La limitación de rentas es otra política muy apreciada por la izquierda, pero comprime el margen del propietario, que ya es modesto, y desincentiva la salida de pisos al mercado, lo que agudiza su carestía.
Finalmente, destinar una parte de cada desarrollo urbanístico a vivienda social reduce el margen del constructor y, ¿qué hace para resarcirse? Aplica un sobrecoste al resto de la promoción, la de venta libre.
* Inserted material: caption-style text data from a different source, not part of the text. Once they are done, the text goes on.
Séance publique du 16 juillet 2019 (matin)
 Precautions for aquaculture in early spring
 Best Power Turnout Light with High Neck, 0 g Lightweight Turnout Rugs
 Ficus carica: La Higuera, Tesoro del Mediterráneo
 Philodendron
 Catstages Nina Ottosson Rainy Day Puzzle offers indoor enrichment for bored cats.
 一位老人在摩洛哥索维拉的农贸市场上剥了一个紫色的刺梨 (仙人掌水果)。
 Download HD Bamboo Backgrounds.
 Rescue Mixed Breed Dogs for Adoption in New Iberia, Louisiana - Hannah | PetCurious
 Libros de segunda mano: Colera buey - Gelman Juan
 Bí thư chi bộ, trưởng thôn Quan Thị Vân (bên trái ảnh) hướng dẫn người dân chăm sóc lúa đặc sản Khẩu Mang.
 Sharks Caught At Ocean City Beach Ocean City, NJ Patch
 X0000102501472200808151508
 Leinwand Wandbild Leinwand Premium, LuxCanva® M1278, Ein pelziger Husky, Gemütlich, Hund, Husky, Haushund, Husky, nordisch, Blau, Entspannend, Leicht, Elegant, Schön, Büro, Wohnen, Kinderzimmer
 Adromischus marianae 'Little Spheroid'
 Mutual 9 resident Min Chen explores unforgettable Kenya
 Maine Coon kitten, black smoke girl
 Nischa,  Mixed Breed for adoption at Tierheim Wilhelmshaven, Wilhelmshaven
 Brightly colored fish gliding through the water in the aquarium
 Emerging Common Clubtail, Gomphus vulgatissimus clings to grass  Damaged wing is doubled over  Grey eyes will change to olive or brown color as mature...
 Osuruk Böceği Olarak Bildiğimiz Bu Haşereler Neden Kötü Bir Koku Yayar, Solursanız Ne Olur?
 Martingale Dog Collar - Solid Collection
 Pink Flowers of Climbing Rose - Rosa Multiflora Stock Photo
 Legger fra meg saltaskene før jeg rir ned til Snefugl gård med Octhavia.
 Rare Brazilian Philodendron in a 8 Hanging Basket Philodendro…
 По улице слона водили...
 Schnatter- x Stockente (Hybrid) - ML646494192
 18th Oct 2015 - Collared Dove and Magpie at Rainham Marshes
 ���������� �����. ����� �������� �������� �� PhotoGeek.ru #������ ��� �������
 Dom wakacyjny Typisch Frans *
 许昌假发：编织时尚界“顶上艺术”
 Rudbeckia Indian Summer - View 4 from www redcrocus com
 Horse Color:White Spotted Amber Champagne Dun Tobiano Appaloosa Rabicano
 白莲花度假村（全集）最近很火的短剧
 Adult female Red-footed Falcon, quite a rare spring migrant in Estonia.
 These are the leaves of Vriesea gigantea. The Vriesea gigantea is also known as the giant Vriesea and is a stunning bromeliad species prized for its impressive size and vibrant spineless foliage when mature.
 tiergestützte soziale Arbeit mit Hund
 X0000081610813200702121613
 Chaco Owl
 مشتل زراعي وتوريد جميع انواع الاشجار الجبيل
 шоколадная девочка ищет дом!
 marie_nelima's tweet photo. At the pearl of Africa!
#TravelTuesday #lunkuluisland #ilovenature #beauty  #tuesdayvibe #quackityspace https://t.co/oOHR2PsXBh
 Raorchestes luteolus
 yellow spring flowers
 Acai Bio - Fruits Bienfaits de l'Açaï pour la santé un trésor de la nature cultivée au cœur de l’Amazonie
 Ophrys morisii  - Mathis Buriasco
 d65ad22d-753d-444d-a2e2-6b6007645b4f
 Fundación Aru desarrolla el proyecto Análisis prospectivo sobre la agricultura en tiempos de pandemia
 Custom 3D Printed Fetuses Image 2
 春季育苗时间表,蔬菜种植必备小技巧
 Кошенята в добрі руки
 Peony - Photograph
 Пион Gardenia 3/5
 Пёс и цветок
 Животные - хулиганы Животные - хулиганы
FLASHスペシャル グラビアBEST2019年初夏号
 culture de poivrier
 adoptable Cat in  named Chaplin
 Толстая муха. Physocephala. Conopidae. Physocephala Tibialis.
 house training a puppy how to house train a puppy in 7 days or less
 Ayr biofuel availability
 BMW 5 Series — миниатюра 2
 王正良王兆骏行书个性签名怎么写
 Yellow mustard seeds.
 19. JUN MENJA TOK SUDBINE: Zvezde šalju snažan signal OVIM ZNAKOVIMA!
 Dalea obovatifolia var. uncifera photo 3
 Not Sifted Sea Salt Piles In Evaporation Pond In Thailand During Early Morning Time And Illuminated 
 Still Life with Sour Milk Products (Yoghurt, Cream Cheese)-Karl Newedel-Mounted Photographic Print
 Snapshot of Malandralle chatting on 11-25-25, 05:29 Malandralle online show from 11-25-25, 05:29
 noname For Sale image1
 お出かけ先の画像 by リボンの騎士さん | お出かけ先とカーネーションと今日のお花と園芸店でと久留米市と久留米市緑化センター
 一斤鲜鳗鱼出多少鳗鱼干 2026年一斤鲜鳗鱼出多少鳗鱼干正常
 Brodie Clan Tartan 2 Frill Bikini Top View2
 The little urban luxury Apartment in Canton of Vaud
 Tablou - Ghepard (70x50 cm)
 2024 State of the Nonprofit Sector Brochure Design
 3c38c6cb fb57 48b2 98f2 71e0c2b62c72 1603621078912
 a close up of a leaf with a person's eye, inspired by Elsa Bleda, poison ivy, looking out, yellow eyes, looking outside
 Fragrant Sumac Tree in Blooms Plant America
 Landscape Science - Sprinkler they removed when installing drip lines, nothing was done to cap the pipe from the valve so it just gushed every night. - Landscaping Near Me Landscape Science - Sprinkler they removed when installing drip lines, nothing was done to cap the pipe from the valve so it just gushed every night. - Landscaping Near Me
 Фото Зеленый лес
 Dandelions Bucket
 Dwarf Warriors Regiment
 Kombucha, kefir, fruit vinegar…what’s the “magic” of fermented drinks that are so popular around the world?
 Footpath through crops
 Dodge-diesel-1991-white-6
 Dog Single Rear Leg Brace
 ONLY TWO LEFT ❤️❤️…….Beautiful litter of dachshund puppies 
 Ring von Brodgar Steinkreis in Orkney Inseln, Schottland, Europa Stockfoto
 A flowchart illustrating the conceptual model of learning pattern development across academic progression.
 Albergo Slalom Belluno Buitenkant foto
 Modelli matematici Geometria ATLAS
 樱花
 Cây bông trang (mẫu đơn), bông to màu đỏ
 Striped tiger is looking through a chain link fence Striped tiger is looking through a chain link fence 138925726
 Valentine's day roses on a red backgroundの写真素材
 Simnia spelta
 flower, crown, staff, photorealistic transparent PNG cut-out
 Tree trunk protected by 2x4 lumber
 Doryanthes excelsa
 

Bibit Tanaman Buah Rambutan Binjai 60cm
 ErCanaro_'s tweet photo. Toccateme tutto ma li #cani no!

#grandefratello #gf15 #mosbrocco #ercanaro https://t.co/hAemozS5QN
Como con los subsidios, se favorece a una minoría (los que reciben una casa de la Administración) y se perjudica a la mayoría.
Ante lo que consideran «el fracaso del sistema», algunas voces consideran legítima la okupación, pero como modo de asignación no se diferencia mucho de la ley del terror de los milicianos yugoslavos y es igualmente miope e ineficaz. Enrique Jardiel Poncela cuenta que el 18 de julio de 1936, horas después de que Francisco Franco se alzara contra la República, «tres forajidos y dos mujerzuelas» le arrebataron su automóvil a punta de fusil en Madrid. Mientras los veía alejarse entre risotadas, el comediógrafo pensó: «Es lo mismo, granujas. Las cosas pueden obtenerse robándolas; pero cuando se han robado, no se conservan. Igual que lo habéis conseguido, os quedaréis sin él para siempre. Y yo, trabajando, volveré, siempre también, a tener otro igual».